### What the task asks
Go to the line holding "Schmidt Bender PMII" in the data below and repeat it exactly, then each line after it up to and including the one holding "Instant Message - France". Omit pictures.

### The input
____
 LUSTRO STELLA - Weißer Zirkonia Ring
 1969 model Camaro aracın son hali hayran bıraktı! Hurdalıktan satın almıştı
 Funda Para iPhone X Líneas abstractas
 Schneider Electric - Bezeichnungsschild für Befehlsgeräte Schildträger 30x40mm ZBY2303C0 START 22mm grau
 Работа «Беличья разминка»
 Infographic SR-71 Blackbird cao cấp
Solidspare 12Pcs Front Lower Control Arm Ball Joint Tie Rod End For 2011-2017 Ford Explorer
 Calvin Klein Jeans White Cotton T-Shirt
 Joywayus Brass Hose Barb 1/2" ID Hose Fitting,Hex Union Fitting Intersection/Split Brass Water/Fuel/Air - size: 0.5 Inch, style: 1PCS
____
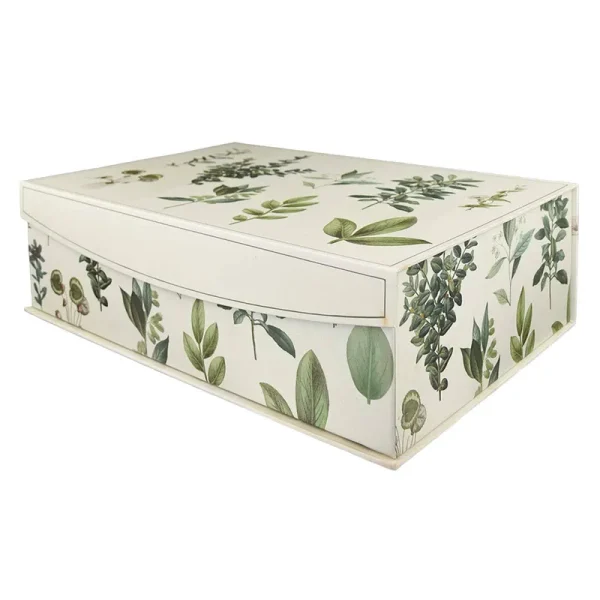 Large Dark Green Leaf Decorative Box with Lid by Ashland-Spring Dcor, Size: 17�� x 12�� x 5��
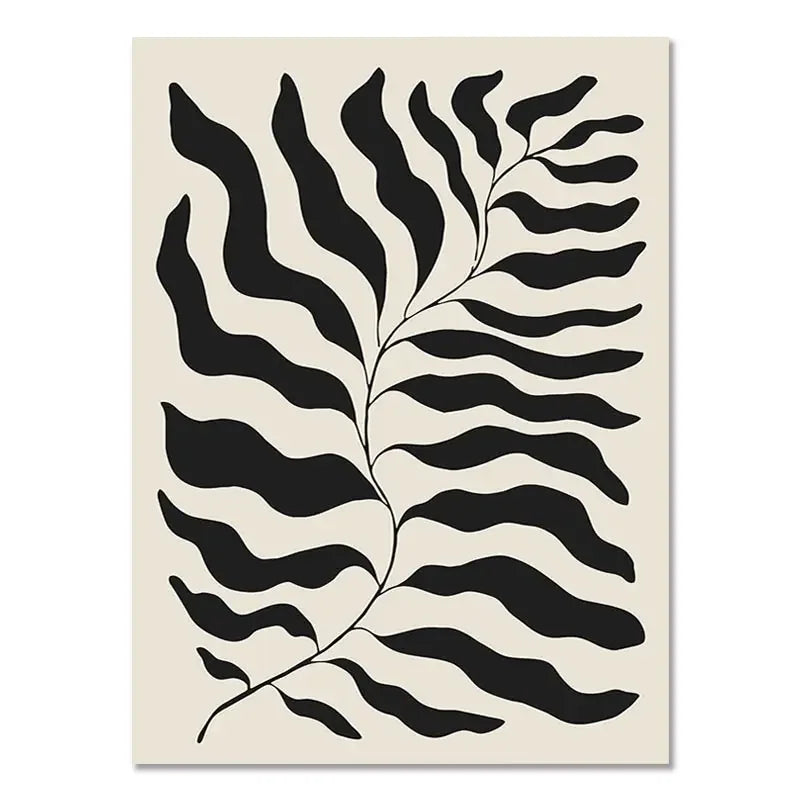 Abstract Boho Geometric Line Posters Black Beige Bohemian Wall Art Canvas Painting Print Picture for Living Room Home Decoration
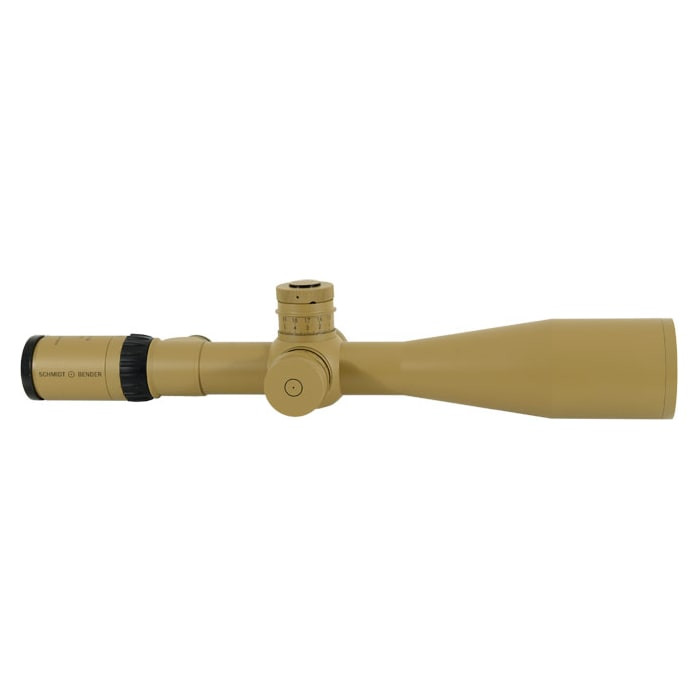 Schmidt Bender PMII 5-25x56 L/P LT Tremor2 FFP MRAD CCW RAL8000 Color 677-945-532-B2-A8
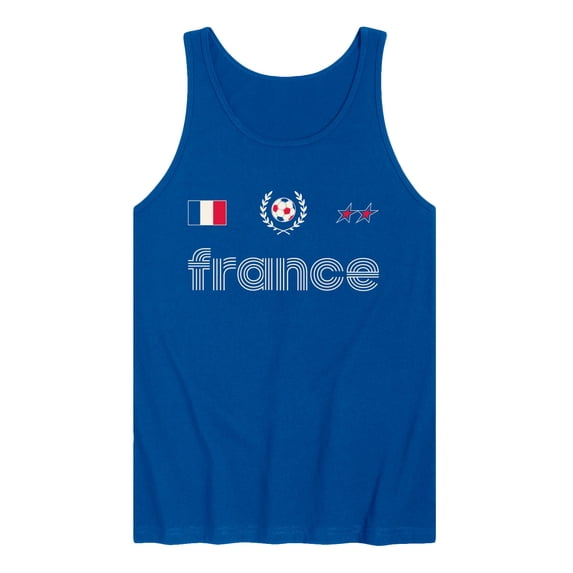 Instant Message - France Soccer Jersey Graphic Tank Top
____
### Task response
 Schmidt Bender PMII 5-25x56 L/P LT Tremor2 FFP MRAD CCW RAL8000 Color 677-945-532-B2-A8
 Instant Message - France Soccer Jersey Graphic Tank Top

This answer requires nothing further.